Source material>
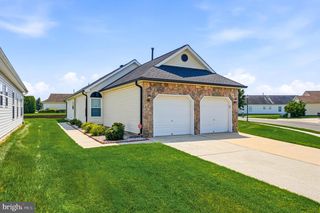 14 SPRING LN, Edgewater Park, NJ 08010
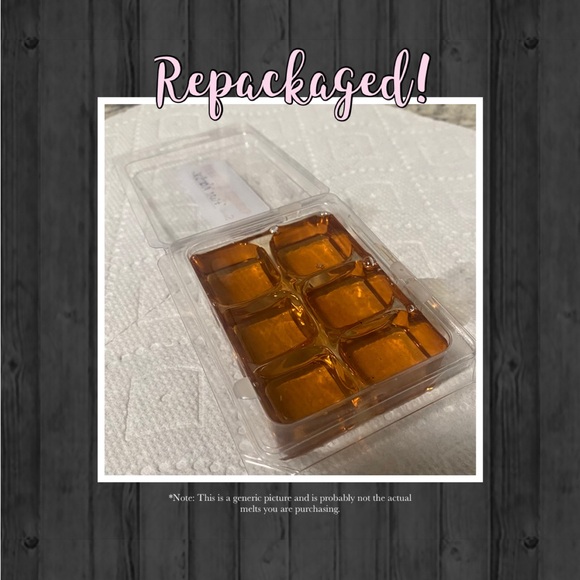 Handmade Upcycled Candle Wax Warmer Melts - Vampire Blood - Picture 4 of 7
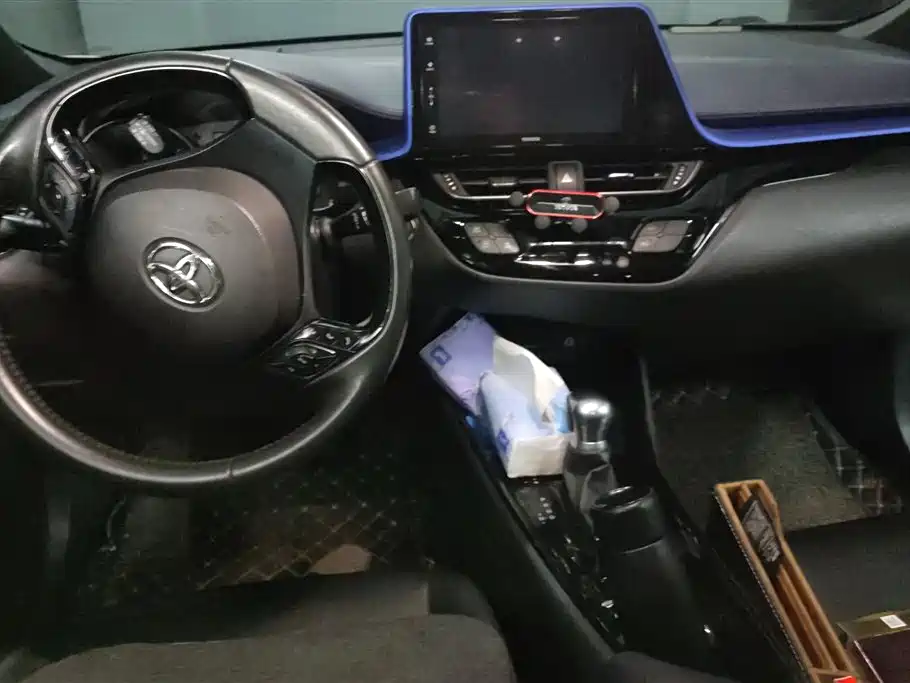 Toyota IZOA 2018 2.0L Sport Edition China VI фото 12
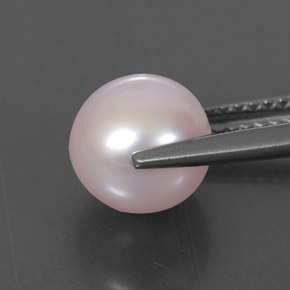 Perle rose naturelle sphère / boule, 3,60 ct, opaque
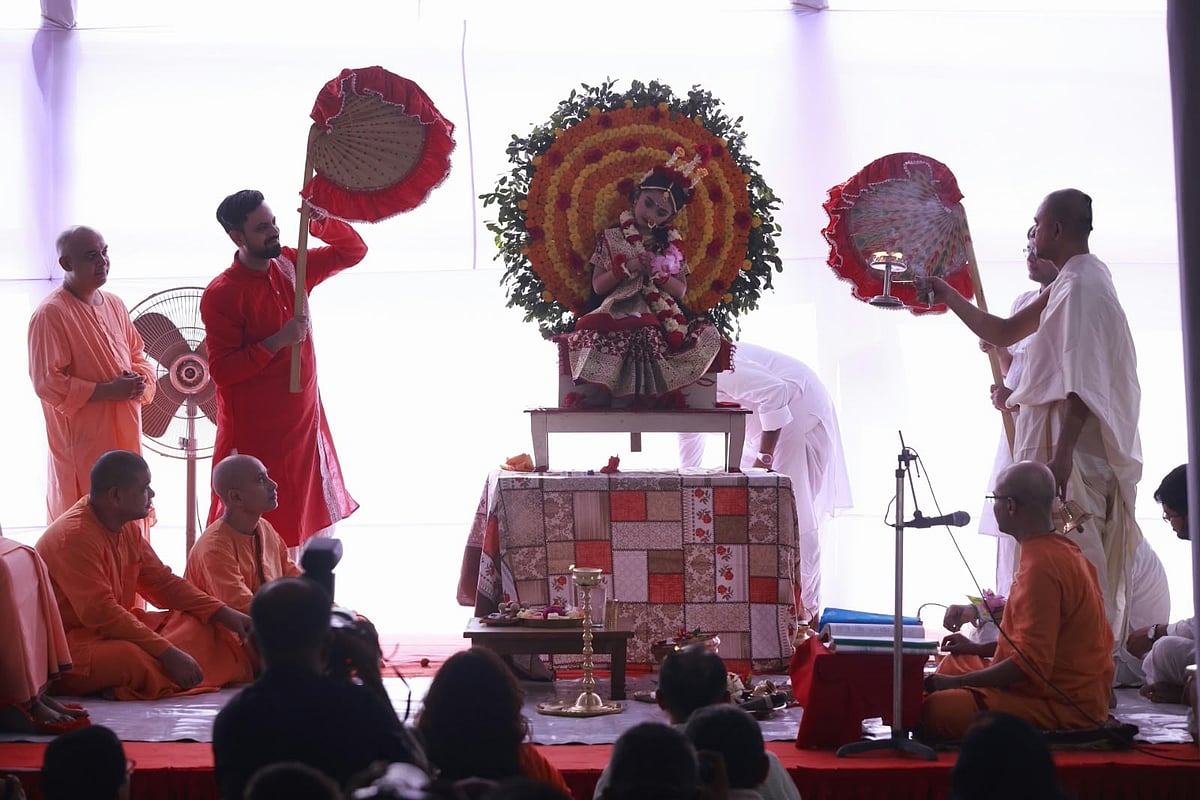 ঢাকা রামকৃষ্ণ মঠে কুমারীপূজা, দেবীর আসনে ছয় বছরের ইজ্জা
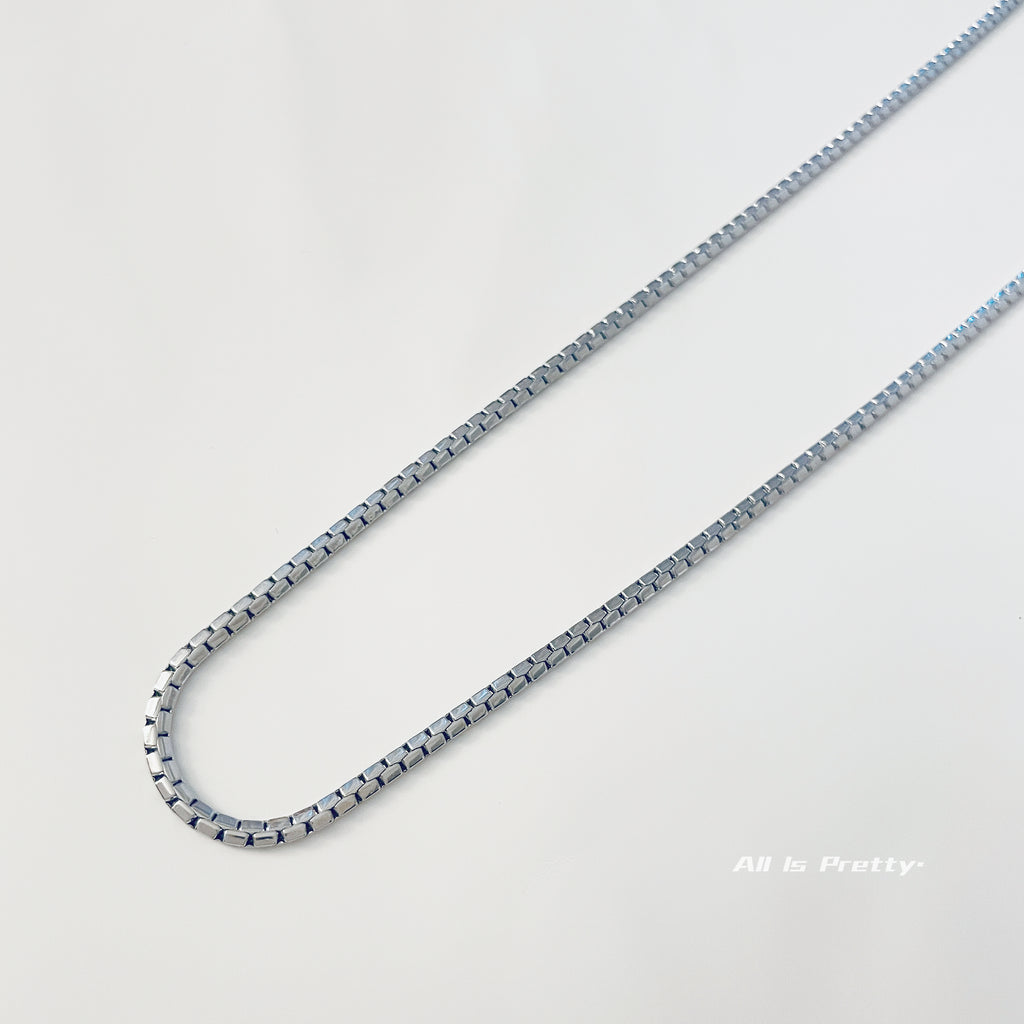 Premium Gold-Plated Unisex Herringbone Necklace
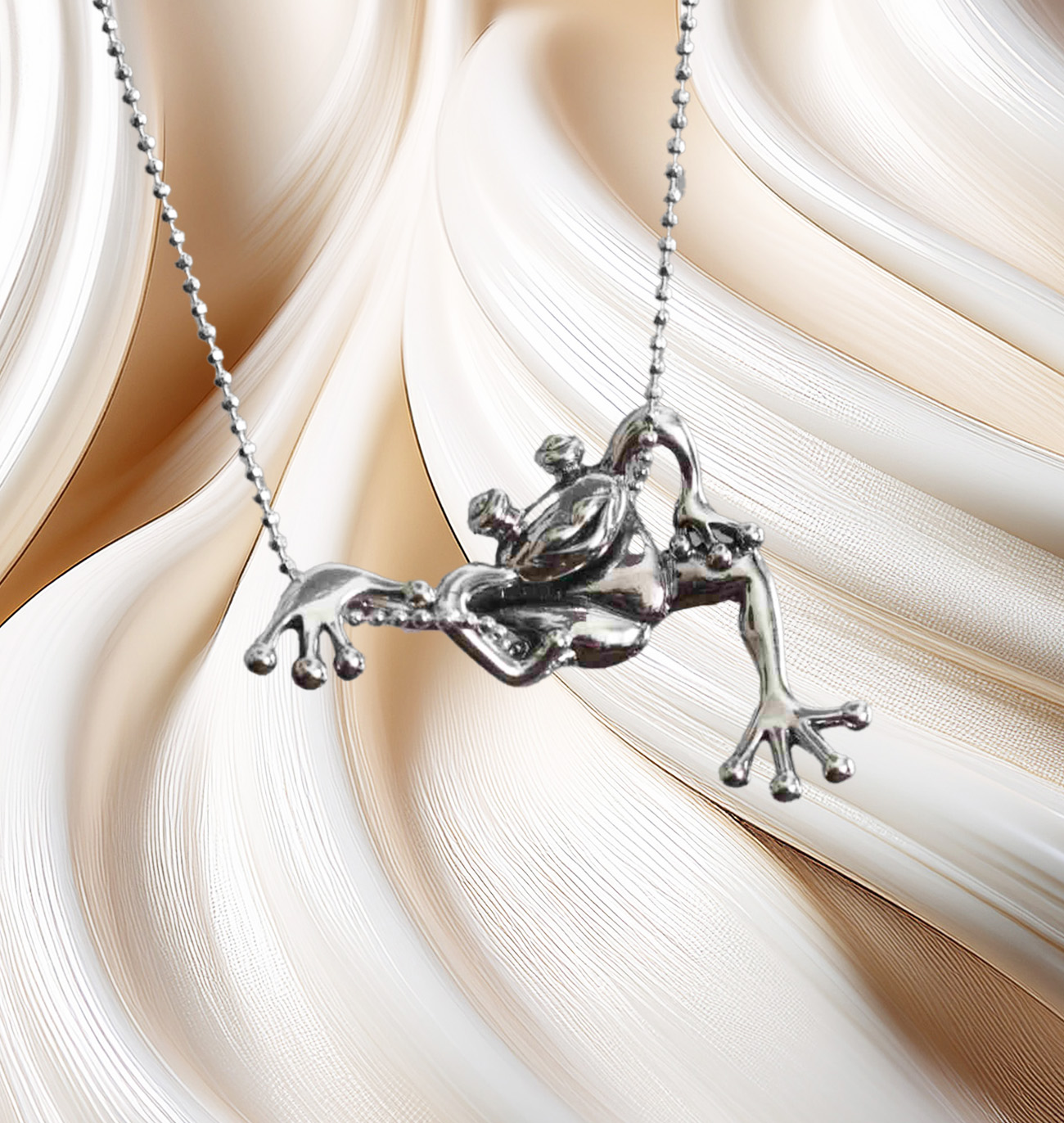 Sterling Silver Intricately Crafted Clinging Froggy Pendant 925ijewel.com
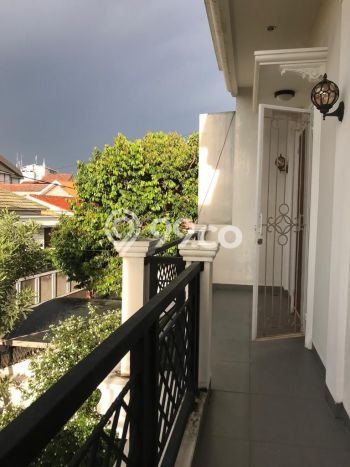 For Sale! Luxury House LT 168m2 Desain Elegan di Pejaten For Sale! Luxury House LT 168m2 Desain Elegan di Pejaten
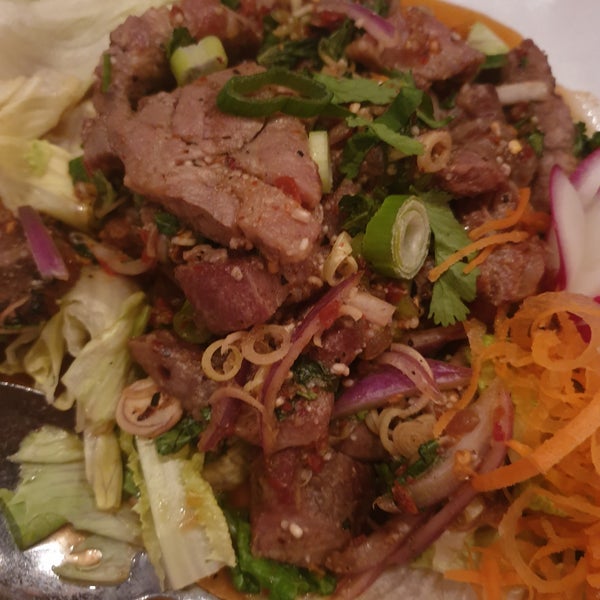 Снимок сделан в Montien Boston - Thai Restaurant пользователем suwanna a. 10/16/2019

Requirement> Give back, word for word, the lines from the line that contains "Handmade Upcycled Candle" through the last line of the records, with no pictures and nothing else.

Written reply>
 Handmade Upcycled Candle Wax Warmer Melts - Vampire Blood - Picture 4 of 7
 Toyota IZOA 2018 2.0L Sport Edition China VI фото 12
 Perle rose naturelle sphère / boule, 3,60 ct, opaque
 ঢাকা রামকৃষ্ণ মঠে কুমারীপূজা, দেবীর আসনে ছয় বছরের ইজ্জা
 Premium Gold-Plated Unisex Herringbone Necklace
 Sterling Silver Intricately Crafted Clinging Froggy Pendant 925ijewel.com
 For Sale! Luxury House LT 168m2 Desain Elegan di Pejaten For Sale! Luxury House LT 168m2 Desain Elegan di Pejaten
 Снимок сделан в Montien Boston - Thai Restaurant пользователем suwanna a. 10/16/2019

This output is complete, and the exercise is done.